#### Extracted information

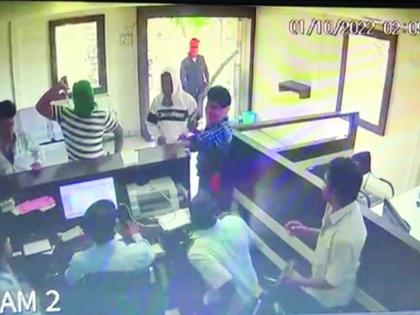 Robbery on a society, shot on the leg of the accused and arrested Cinestyle in nanded | सोसायटीवर दरोडा, आरोपीला पायावर गोळी झाडून सिनेस्टाईल अटक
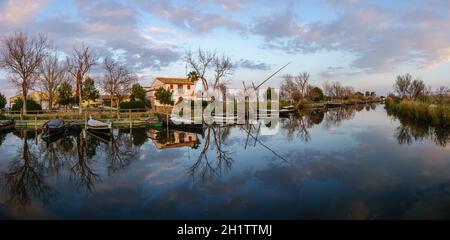 Riserva naturale di Albufera a Catarroja Valencia Spagna porto di irrigazione fosso che inondano i campi di riso vecchie barche di legno tradizionale. Marinai latino Foto Stock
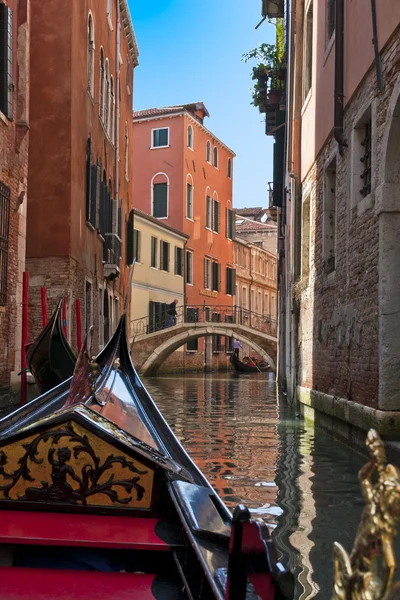 A view from gondola during the ride through the canals of Venice — Stock Photo, Image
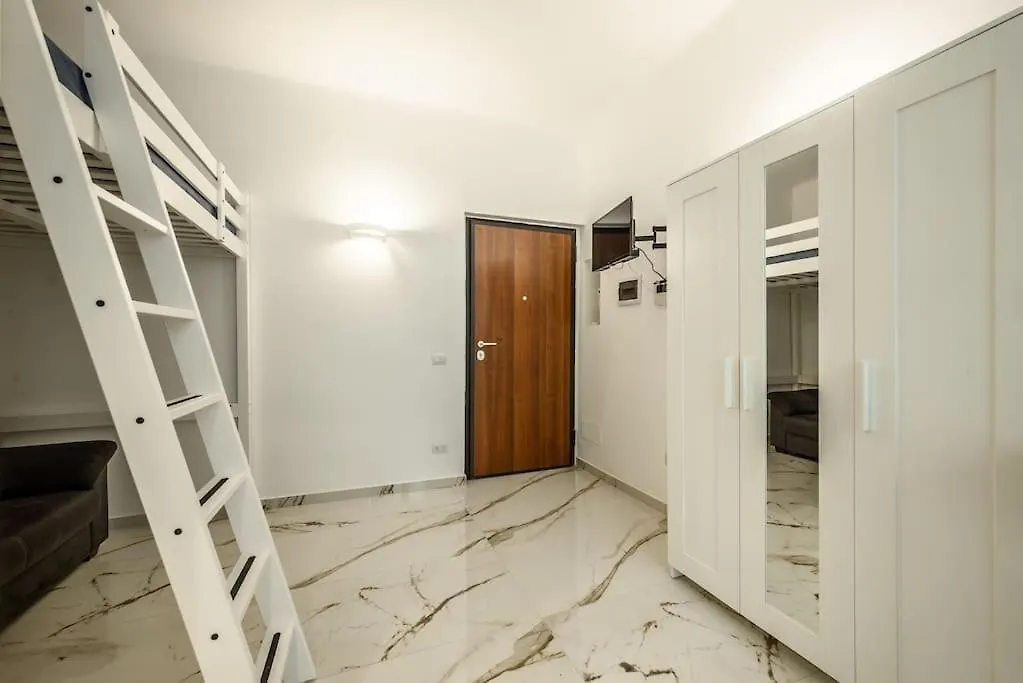 Milan St Laurent Apartment Itália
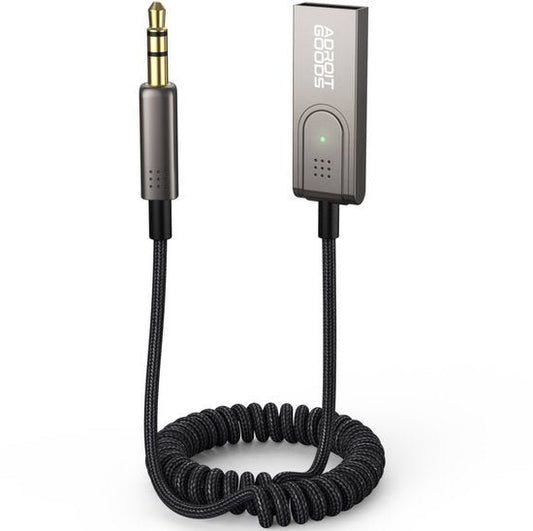 zwart krulsnoer met 3,5 mm audiojack en rechthoekige adapter met ledindicator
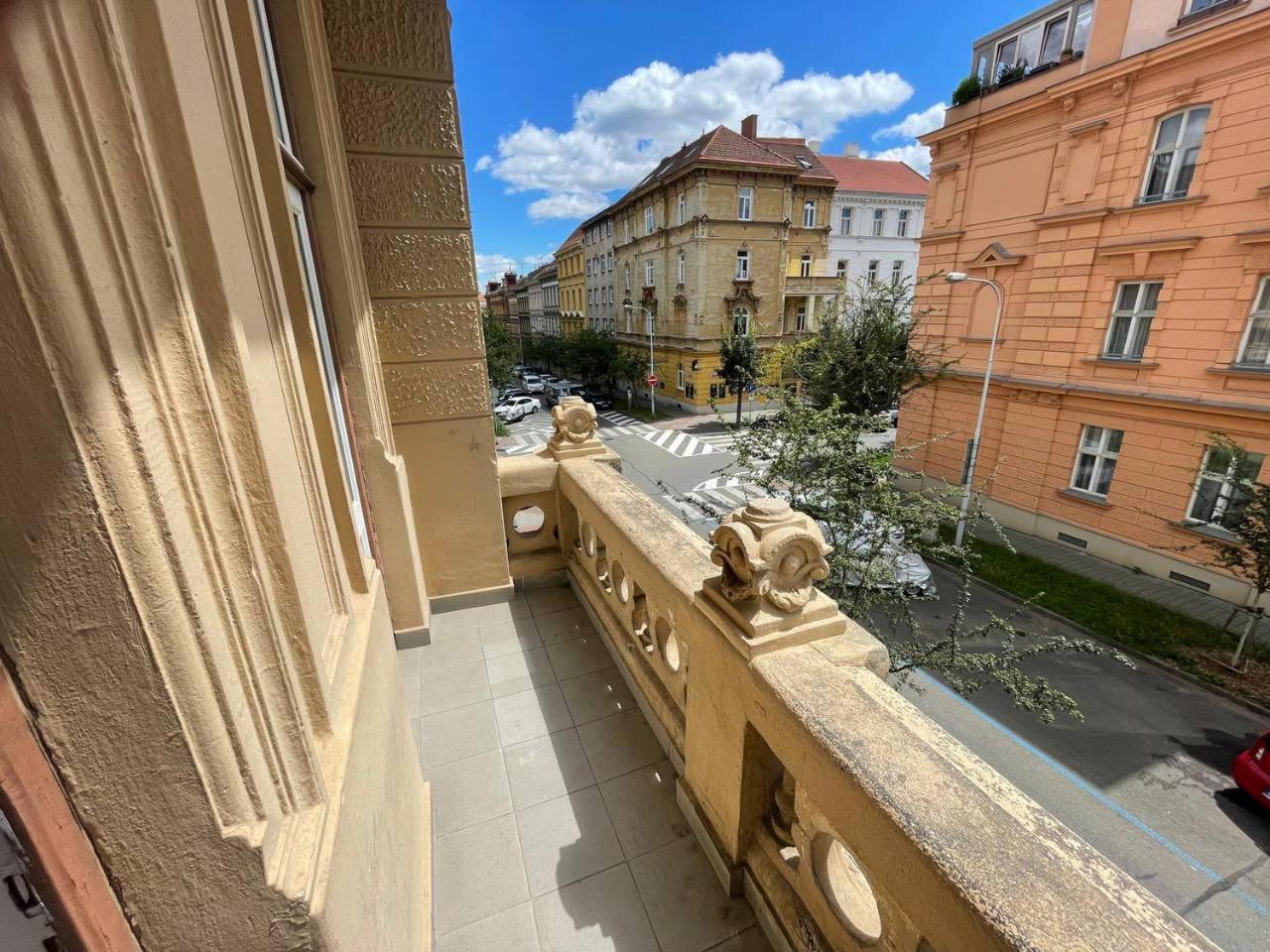 Rooms Veveri - Uvoz, 10 Min Peski Do Centru Brno Zewnętrze zdjęcie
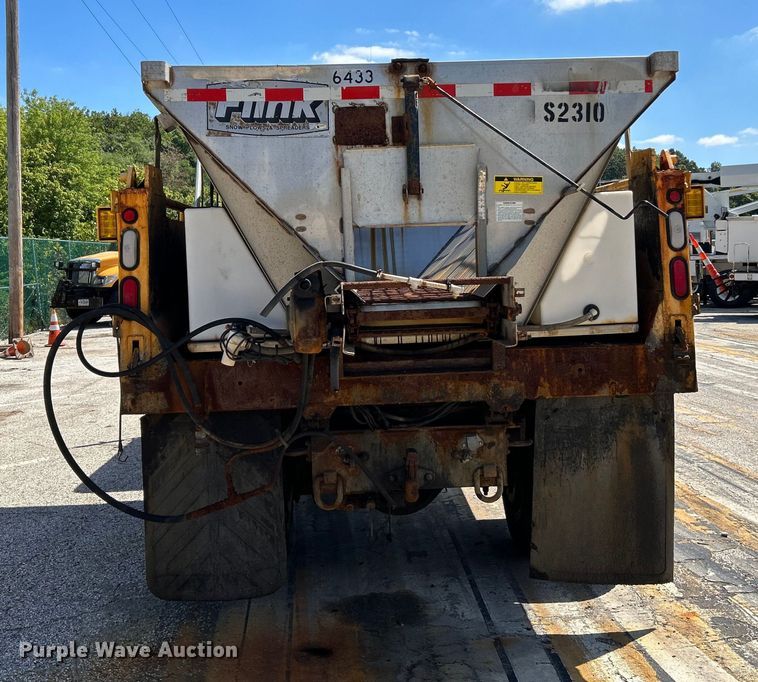 image for item NL9587 2001 International 4900  dump truck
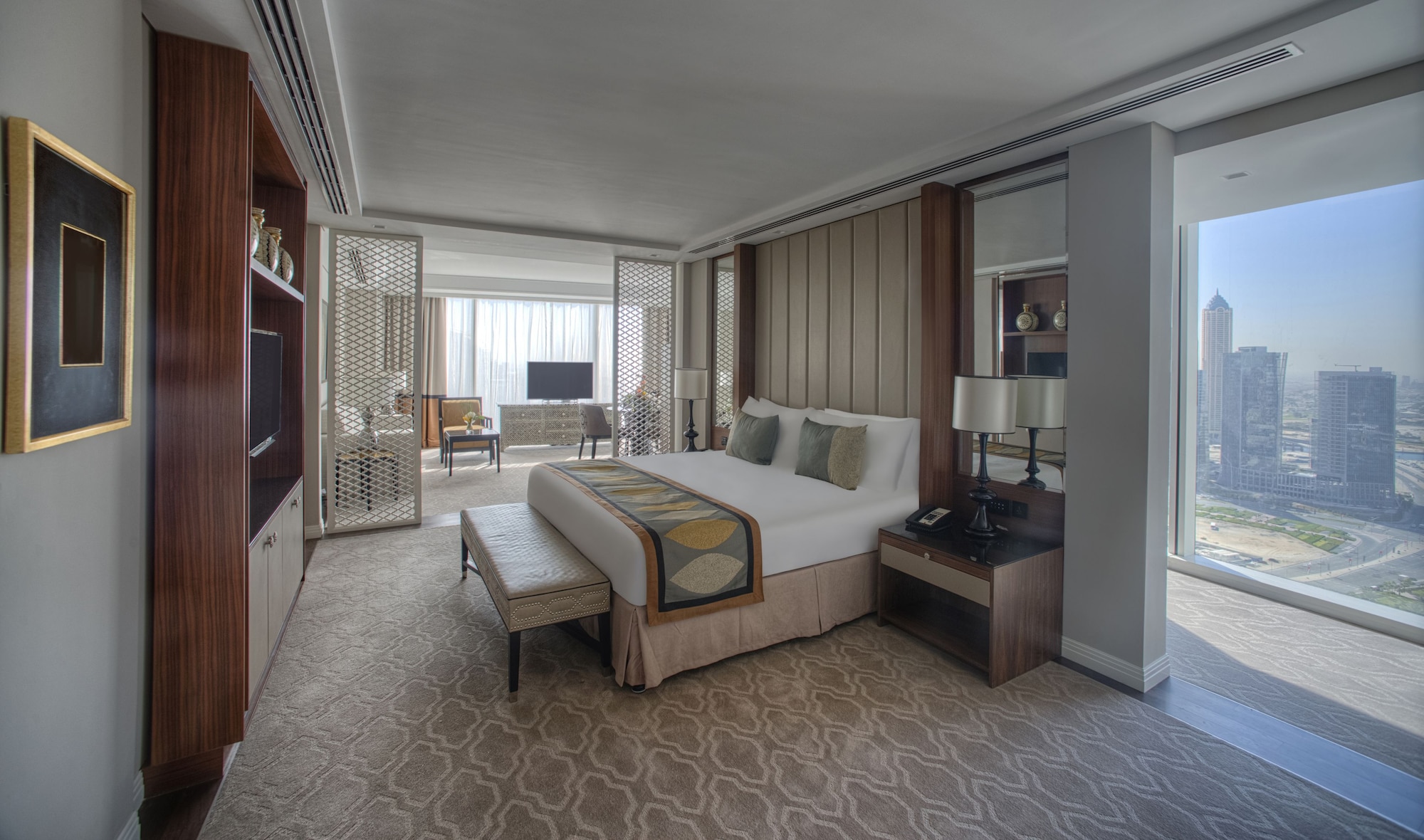 JUNIOR SUITE, KING BED, CITY VIEW
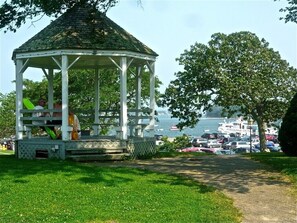 บนชายหาด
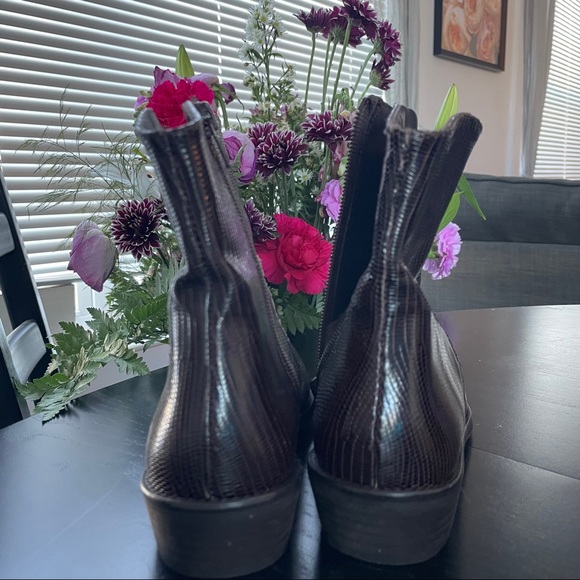 Free People dark brown leather ankle boot NWOT - Picture 4 of 7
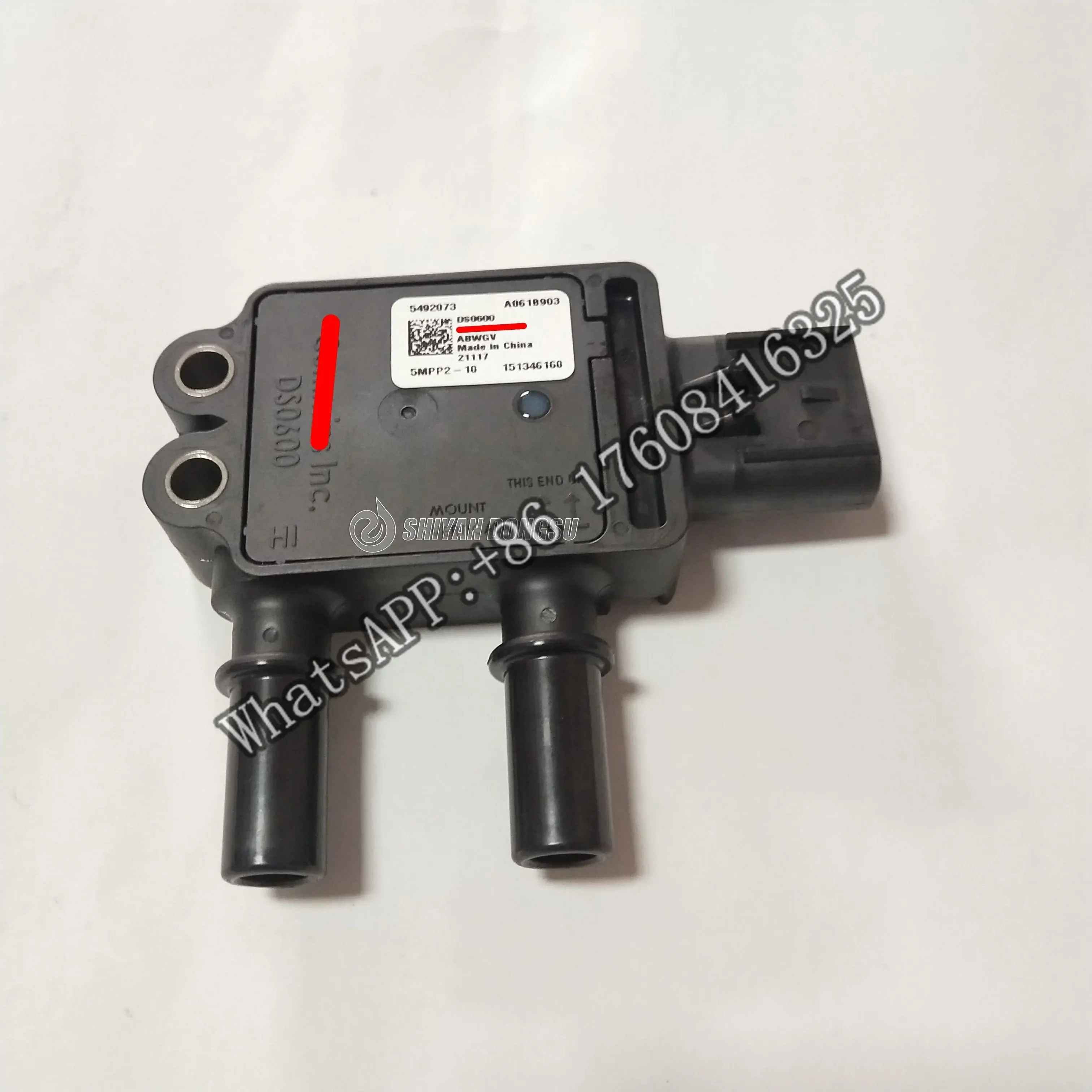 

Original DFN DSO600 engine oil pressure sensor 4358994 5492073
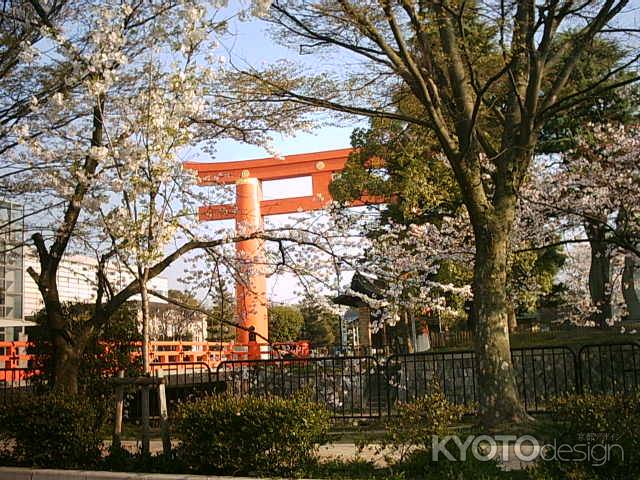 平安神宮　鳥居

########

__Your assignment__. Omit the pictures. Transcribe every record exactly.

__Answer for the task__.
 Robbery on a society, shot on the leg of the accused and arrested Cinestyle in nanded | सोसायटीवर दरोडा, आरोपीला पायावर गोळी झाडून सिनेस्टाईल अटक
 Riserva naturale di Albufera a Catarroja Valencia Spagna porto di irrigazione fosso che inondano i campi di riso vecchie barche di legno tradizionale. Marinai latino Foto Stock
 A view from gondola during the ride through the canals of Venice — Stock Photo, Image
 Milan St Laurent Apartment Itália
 zwart krulsnoer met 3,5 mm audiojack en rechthoekige adapter met ledindicator
 Rooms Veveri - Uvoz, 10 Min Peski Do Centru Brno Zewnętrze zdjęcie
 image for item NL9587 2001 International 4900  dump truck
 JUNIOR SUITE, KING BED, CITY VIEW
 บนชายหาด
 Free People dark brown leather ankle boot NWOT - Picture 4 of 7

Original DFN DSO600 engine oil pressure sensor 4358994 5492073
 平安神宮　鳥居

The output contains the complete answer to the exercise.